▶ [WHAT NEEDS TO BE DONE]:
When copying the entries below, leave out every picture and keep the rest exact.

(Stored records)
--*--
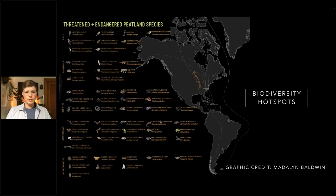Peatlands are incredibly unique ecosystems and they support a huge array of biodiversity. What's listed here, again from Madeline Baldwin's research, shows the threatened and endangered peatland species. This is a habitat that these species rely on entirely. Because this habitat is being threatened, these animals are being threatened as well. By preserving or restoring peatlands, we'll be able to ensure that these animals have the habitat they rely on.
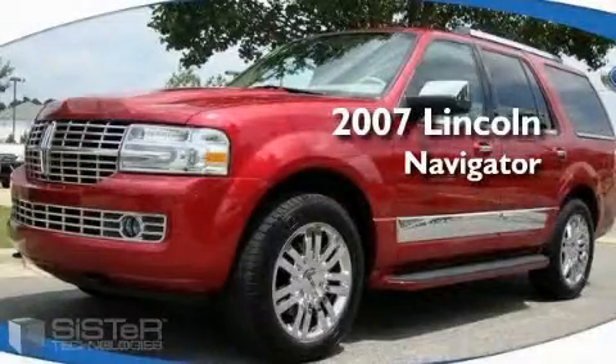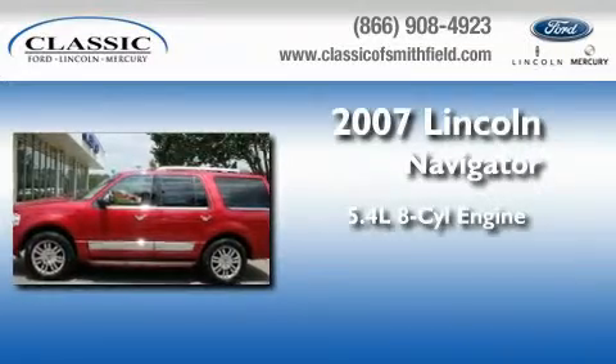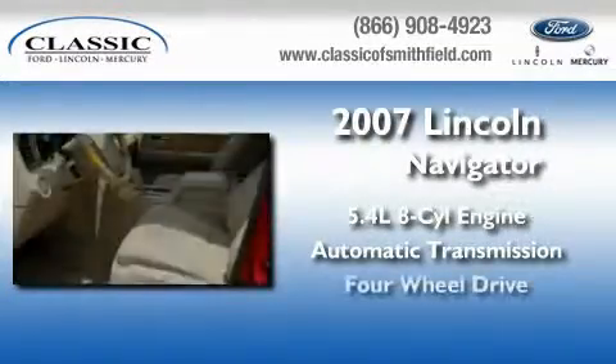This is a 2007 Lincoln Navigator. It features a 5.4 liter 8-cylinder engine, an automatic transmission, and 4-wheel drive.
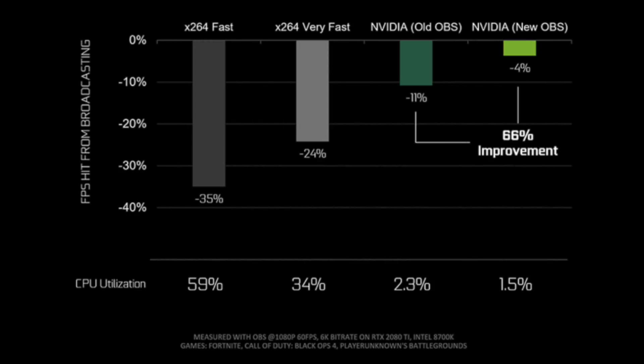By bypassing the middle man and going straight to the NVENC encoder, it allows you to switch from x264 to NVENC and drastically reduce the resources required to stream. OBS is touting up to 66% improved performance with NVENC, which means higher frames, lower temps, and a lower impact of streaming on your single PC setup.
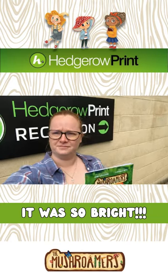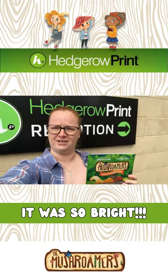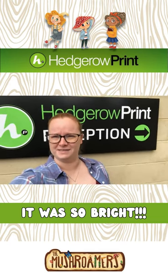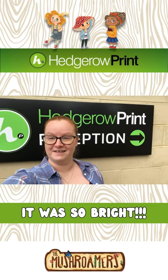I will be back later on and I'll show you some more about what happens in printing a book. We just arrived at Hedro Print in Creditant. Here's the book. Let's see how they can help us out and get things moving.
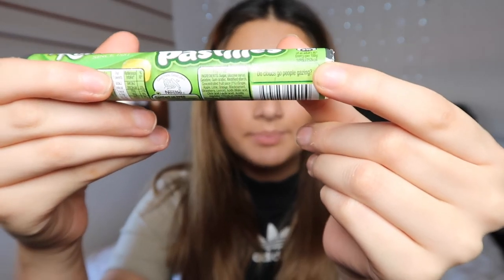Next up, we have Roundtree's Fruit Pastels. These kind of look like the jelly pot things, and they look like they have the same sugary coating. I noticed they have little jokes on them — one says 'Do clouds go people gazing?', one says 'What is the oddest odd number of them all?', and one says 'The rhyme never says Humpty Dumpty was an egg.' Cute. This one's yellow — not much flavor. It's all right, again not something I'd reach for excitedly. 4.5 out of 10.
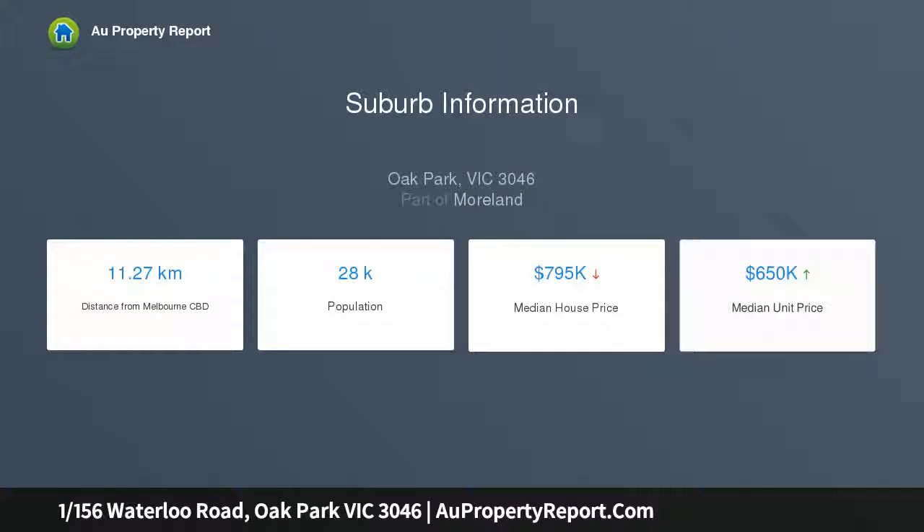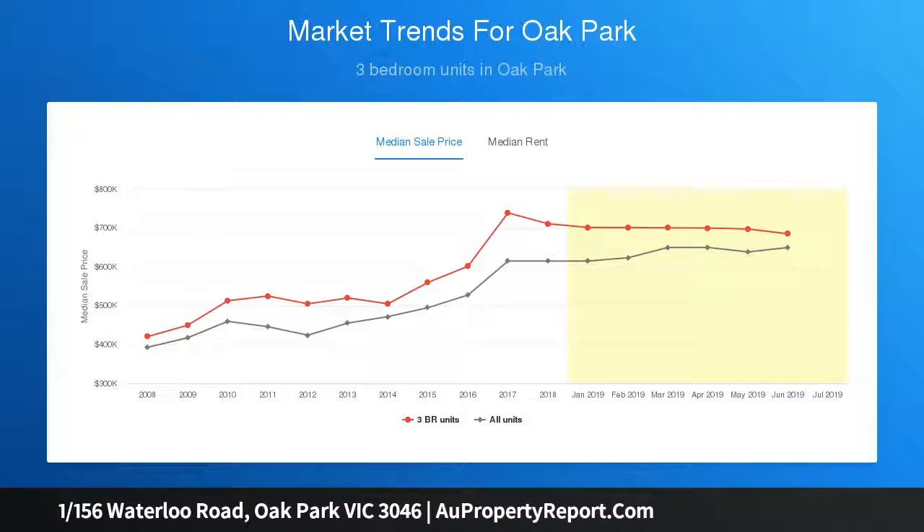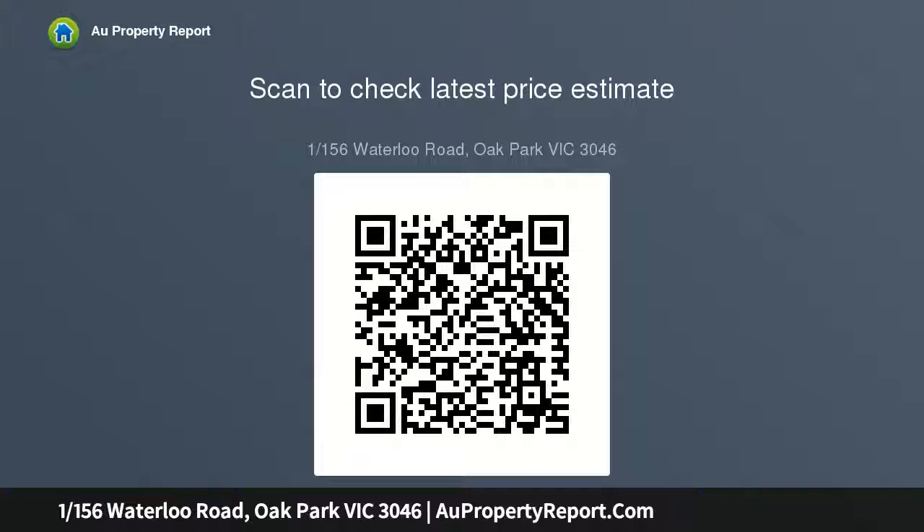Freshly painted, the contemporary floor plan maximizes northerly light and outlook with reverse living arrangements comprising upper level open plan living and dining zones bathed in natural light, opening onto an alfresco balcony.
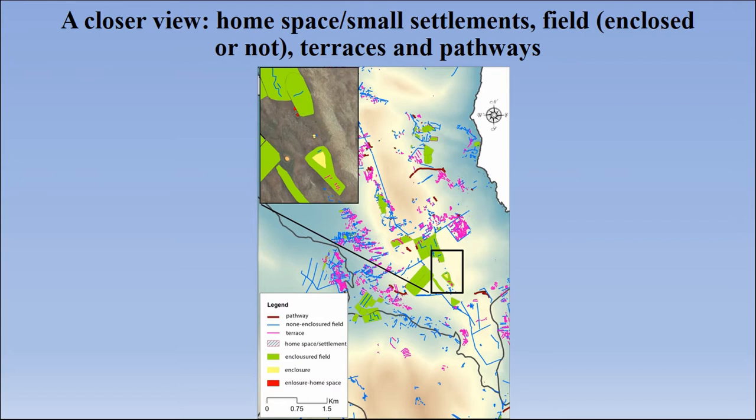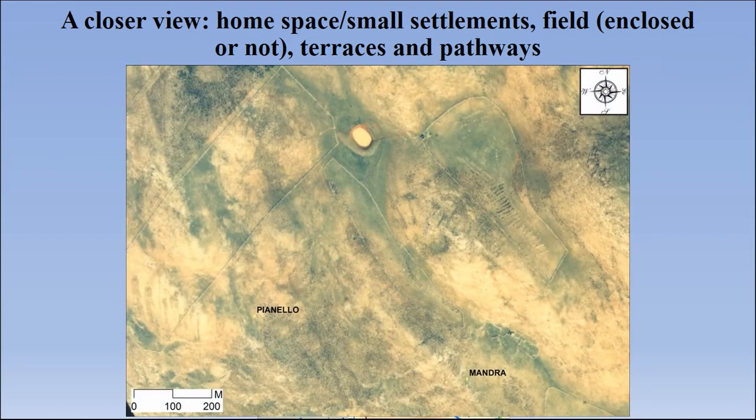Analyzing the landscape, we can see a concentration of pathways, fields, rural homes, and small settlements. Sometimes it is not possible to determine whether these are rural houses or enclosed spaces for cattle — to shelter the cattle during winter or hard times. We can see closed fields, walls, and terraces for grazing, and inside these fields we know that they also cropped the land. Around all these fields, there are always water sources.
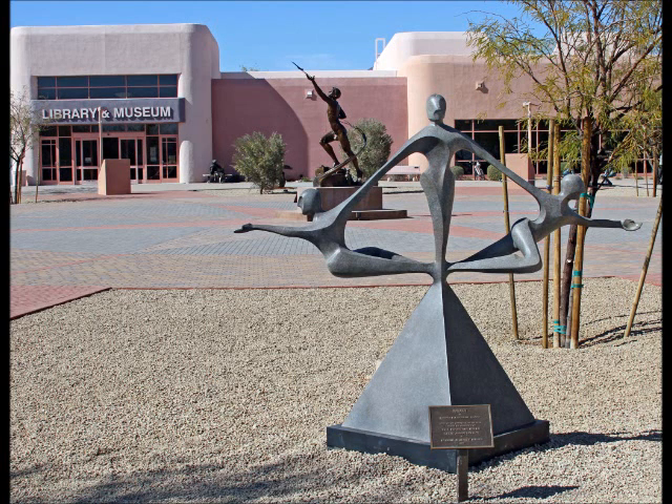Truth by Kendra Fleischman. When creating Truth, Ms. Fleischman set out to represent the idea that each of us must balance many things as we walk our path through life. So many things can sidetrack us with their appeal and distraction, but to stay on our path we must maintain a careful balance. Truth depicts that balance.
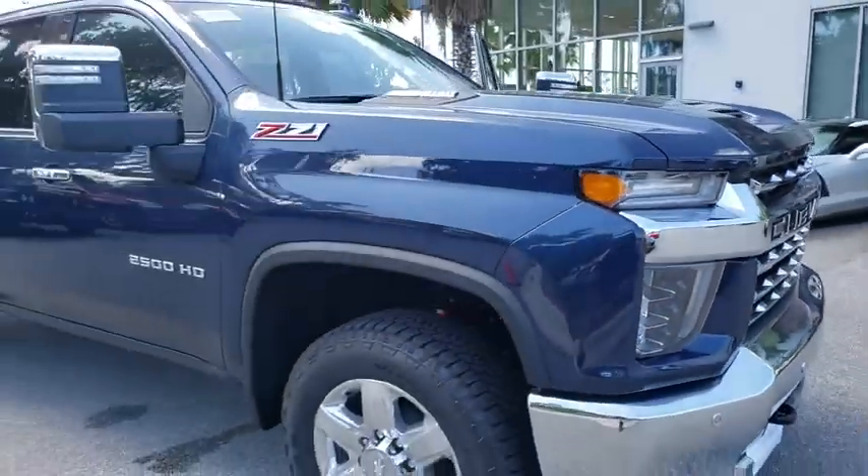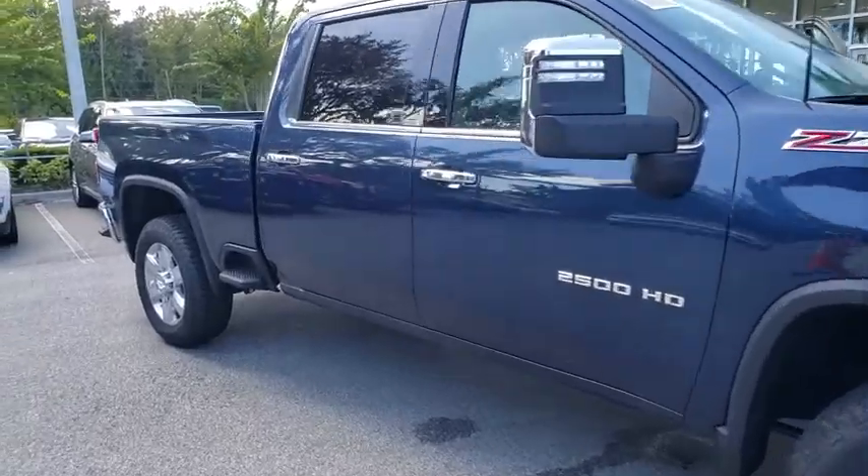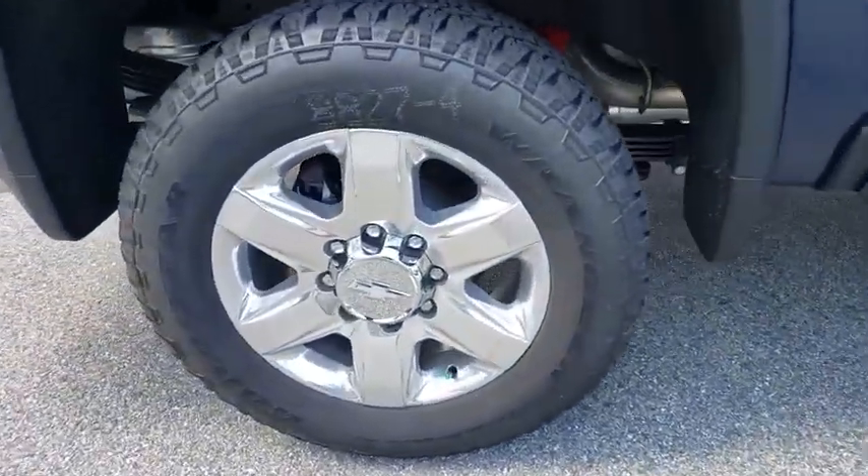Take a ride in the 2020 Chevrolet Silverado 2500 HD. This pickup truck pulls unlike any other. Here are some of this vehicle's great options.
--*--
▶ [ANSWER]:
Peatlands are incredibly unique ecosystems and they support a huge array of biodiversity. What's listed here, again from Madeline Baldwin's research, shows the threatened and endangered peatland species. This is a habitat that these species rely on entirely. Because this habitat is being threatened, these animals are being threatened as well. By preserving or restoring peatlands, we'll be able to ensure that these animals have the habitat they rely on.
This is a 2007 Lincoln Navigator. It features a 5.4 liter 8-cylinder engine, an automatic transmission, and 4-wheel drive.
By bypassing the middle man and going straight to the NVENC encoder, it allows you to switch from x264 to NVENC and drastically reduce the resources required to stream. OBS is touting up to 66% improved performance with NVENC, which means higher frames, lower temps, and a lower impact of streaming on your single PC setup.
I will be back later on and I'll show you some more about what happens in printing a book. We just arrived at Hedro Print in Creditant. Here's the book. Let's see how they can help us out and get things moving.
Next up, we have Roundtree's Fruit Pastels. These kind of look like the jelly pot things, and they look like they have the same sugary coating. I noticed they have little jokes on them — one says 'Do clouds go people gazing?', one says 'What is the oddest odd number of them all?', and one says 'The rhyme never says Humpty Dumpty was an egg.' Cute. This one's yellow — not much flavor. It's all right, again not something I'd reach for excitedly. 4.5 out of 10.
Freshly painted, the contemporary floor plan maximizes northerly light and outlook with reverse living arrangements comprising upper level open plan living and dining zones bathed in natural light, opening onto an alfresco balcony.
Analyzing the landscape, we can see a concentration of pathways, fields, rural homes, and small settlements. Sometimes it is not possible to determine whether these are rural houses or enclosed spaces for cattle — to shelter the cattle during winter or hard times. We can see closed fields, walls, and terraces for grazing, and inside these fields we know that they also cropped the land. Around all these fields, there are always water sources.
Truth by Kendra Fleischman. When creating Truth, Ms. Fleischman set out to represent the idea that each of us must balance many things as we walk our path through life. So many things can sidetrack us with their appeal and distraction, but to stay on our path we must maintain a careful balance. Truth depicts that balance.
Take a ride in the 2020 Chevrolet Silverado 2500 HD. This pickup truck pulls unlike any other. Here are some of this vehicle's great options.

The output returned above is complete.